Gideon Rachman of the FT has a provocative (well, for me anyway) post on his blog:
The essence of the 'irrelevance' claim is that Obama hasn't hired any political scientists to important jobs, whilst economists - despite their embarrassing failure to predict the (economic) end of the world - still have marketable expertise.
There are any number of explanations for this lack of prestige as a profession, but one - proferred by the late lamented Brian Barry - is that politicians tend to see themselves as the real experts on politics, rather than as the raw material political scientists study. I have a feeling he was right - whilst Obama will doubtless take economic policy decisions on the basis of extensive briefings by professional economists, he probably feels confident that he knows politics better than most poli sci professors. And having just landed the biggest job in politics, who can blame him?

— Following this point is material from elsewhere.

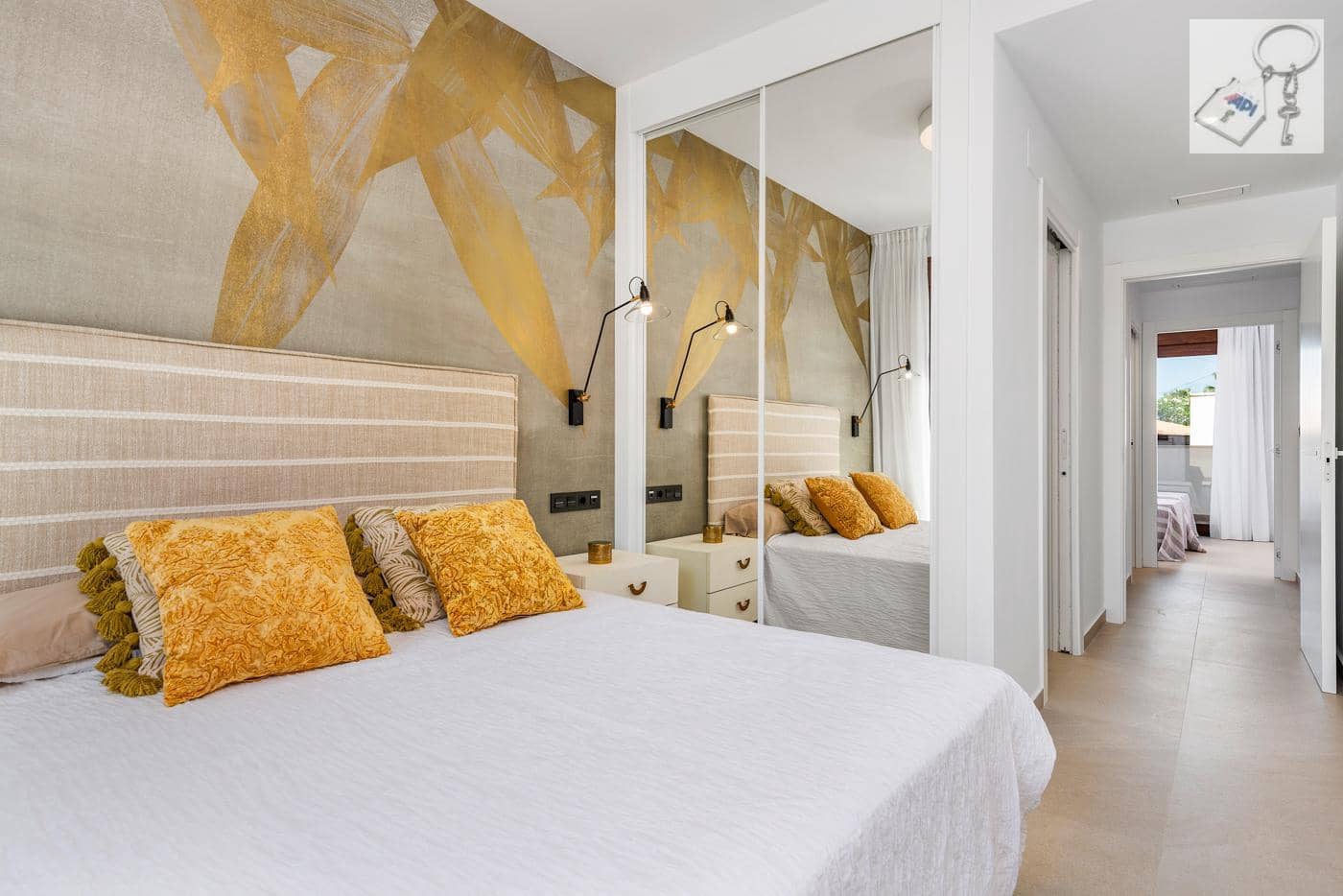 3 slaapkamer Strandappartement te koop in Torrevieja met zwembad garage - € 310.000 (Ref: 10021946)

I'm not sure policy advice is really such a measure of relevance in the end. We have a few workable theories that are of some use in designing some policies and institutions, but for the most part we - like the economists, but with a bit of humility - are constantly chasing the curve, trying to make sense of things that have just happened.
Is this because we are useless, or because life is unpredictable? Probably both. As a neo-Talebite, I go for the latter. People may behave in predictable ways a lot of the time, but every now and again do the unexpected, like vote for Obama, for example. Or start believing en masse that a piece of brick on a piece of earth will grow in value even when nothing else does. And those unpredictable events, though perhaps exceptional, end up changing the world in such big ways that they cannot be dismissed as outliers.
So Obama can probably do without us, but when something happens that he wasn't expecting, we'll be sitting there ready to explain it afterwards.